The purpose of this study was to build a model that can predict the frequency of marine accidents using LSTM by utilizing statistical data on marine accidents as a fundamental study to predict the risk of marine accidents. We also aimed to find the best LSTM models to forecast marine accidents by navigators’ watch duty time with different setups and to see if the LSTM models outperform the traditional statistical analysis methods. In order to achieve our objectives, we built four different LSTM models and compared the proposed LSTM models with an autoregressive integrated moving average (ARIMA) model, which is one of the commonly used models for time series forecasting. Through this LSTM-based prediction model, the risk of future marine accidents could be anticipated in advance using certified marine accident statistics data, and a monitoring system could be effectively established.

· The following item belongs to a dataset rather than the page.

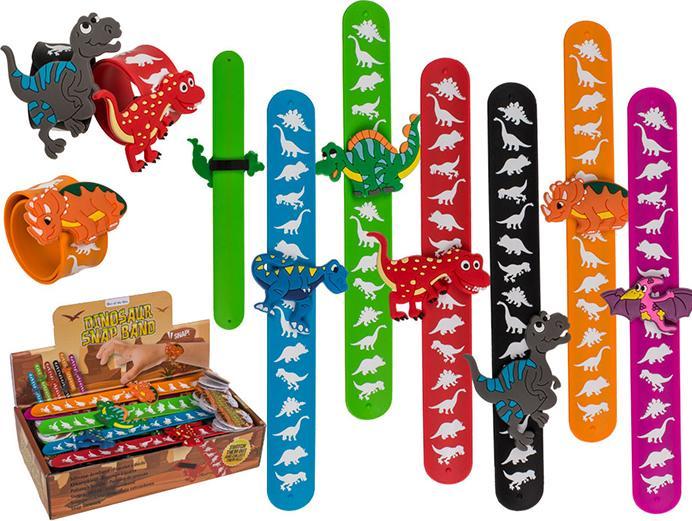 Immagine prodotto Out of the blue Braccialetto a scatto, dinosauri assortiti (21.50 cm, Silicone e PVC)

The remainder of the paper is organized as follows: We first describe how the data were collected and preprocessed for this study. Next, the prediction model and the research methodology utilized in this study are presented, followed by the results. Lastly, the findings and implications of this study are discussed.
4. Discussion
Many researchers studied the prediction of the number of marine accidents, but no research was conducted on the prediction of marine accidents according to the navigator’s duty time. In addition, existing studies related to predicting the number of marine accidents have been conducted via different methods. However, studies related to deep learning, such as LSTM, have been relatively insufficient. To the best of our knowledge, this was the first attempted study to predict the number of marine accidents using LSTM. In this study, marine accidents that occurred in Korea over the past 39 years from 1981 to 2019 were classified by navigator’s duty time, and the number of marine accidents by duty time in 2020 was predicted through the LSTM model. The prediction results were compared with the actual number of marine accidents in 2020.

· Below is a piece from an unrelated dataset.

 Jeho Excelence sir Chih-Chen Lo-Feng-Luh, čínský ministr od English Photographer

This study showed that the number of marine accidents by the navigator’s watch duty time can be predicted using LSTM through time series data. As a result of comparing the number of marine accidents predicted using the LSTM model with the actual number of marine accidents by duty time in 2020, the proposed LSTM models performed reliably. The MAPEs for all four LSTM models were less than 0.1, which means that the accuracies of the proposed LSTMs were greater than 90%. The best LSTM model was LSTM3, with the smallest MAPE, as shown in
Table 7. We found that two LSTM layers (i.e., LSTM3 (MAPE = 0.059) and lSTM4 (MAPE = 0.065)) performed better than a single LSTM layer (i.e., LSTM1 (MAPE = 0.066) and LSTM2 (MAPE = 0.076)). In terms of the effect of hidden units, we noticed that 64 hidden units were better than 128 or 256 hidden units. In addition, the best batch size for each model varied from 18, 24, 30, and 6, respectively. These results can help us guide in the building of a more complex LSTM network structure for our future studies.
To explore the advantage of the LSTM models, we also implemented an ARIMA model, which is a traditional statistical algorithm for time series forecasts. We also compared the performance results of the LSTMs with the ARIMA model. It was shown that all LSTMs outperformed the ARIMA model (MAPE = 0.089). This result proved the superiority of LSTM compared to the ARIMA. Thus, we can say that the LSTM is better than the ARIMA at predicting the frequency of marine accidents by watch duty hours.

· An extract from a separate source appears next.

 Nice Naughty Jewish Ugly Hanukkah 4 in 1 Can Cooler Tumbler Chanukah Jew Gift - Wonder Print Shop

Nevertheless, this study still has several limitations. First, although we tuned several hyperparameters, there are more hyperparameters that could significantly affect the performance of the LSTM models. Also, the application of various deep learning algorithms in marine accident prediction models other than LSTM is required. However, since this study is the first attempt to make marine accident predictions using deep learning technology, it can be a guideline when making a complex model for forecasting marine accidents in the future. In addition, this study only used data on the frequency of marine accidents, as this is a univariate time series forecasting study which only uses the previous values of the time series to predict its future values. No other factors were included in this study. Regardless, it is necessary to expand the prediction scope of marine accidents by using time series data with different variables such as weather, human errors, traffic density, and mechanical defects that may be involved in marine accidents. Since this study is a leading study in predicting accidents using deep learning, we believe that it can be a stepping-stone to the study of complex accident prediction models in the future. Lastly, predicting accident frequency does not help prevent it directly. However, by predicting the number of accidents by watch duty time, the pattern of accidents can be learned, and, in fact, most of the accidents occurred during the daytime. This might be because most fishing boats returned in the morning from night fishing and most of the cruise ships and passenger ships that come and go between land and islands were operated during the daytime. Furthermore, many accidents occurred during the watch time of junior officers. On the basic premise that the frequency of marine accidents changes according to the navigator’s experience, it is possible to establish customized accident prevention measures by time by identifying whether the actual marine accidents are concentrated during the junior officer’s duty time. Thus, it is also necessary to reflect the trend of accidents according to these duty hours in the marine accident reduction policy. Using the results, we will be able to help prevent accidents in advance if we make VTS or coast guard officers pay more attention during the time when accidents occur the most. Further study is needed to address these limitations in the future.
5. Conclusions
Marine accidents cause human, material, and environmental damage. In order to minimize the damage caused by the occurrence of an accident, it is necessary to respond to the accident as soon as possible. In other words, if it is possible to predict the approximate time when many marine accidents occur, the department in charge of responding to marine accidents will be able to prevent the spread of additional damage caused by marine accidents by preparing in advance. In this study, we developed the prediction model of the frequency of marine accidents using the LSTM. The proposed LSTM models reliably predicted the number of marine accidents compared to another traditional statistical method, the ARIMA model.
In terms of academic implications, this study could be used for the basis of deep learning approaches for marine accident prediction. In terms of industrial implications, this study could help develop technologies for marine accident prediction and can be used to prevent accidents in industries engaged in maritime safety, such as VTS or the coast guard. The results of this study are expected to be used as basic data to prevent the spread of additional damage by predicting the number of marine accidents by duty time of the navigator and responding early in the event of marine accidents. Although the number of marine accidents can be predicted, it is still insufficient to utilize it to prevent marine accidents in advance. Therefore, future studies will predict marine accidents and propose a model to prevent marine accidents in advance based on the results of this study.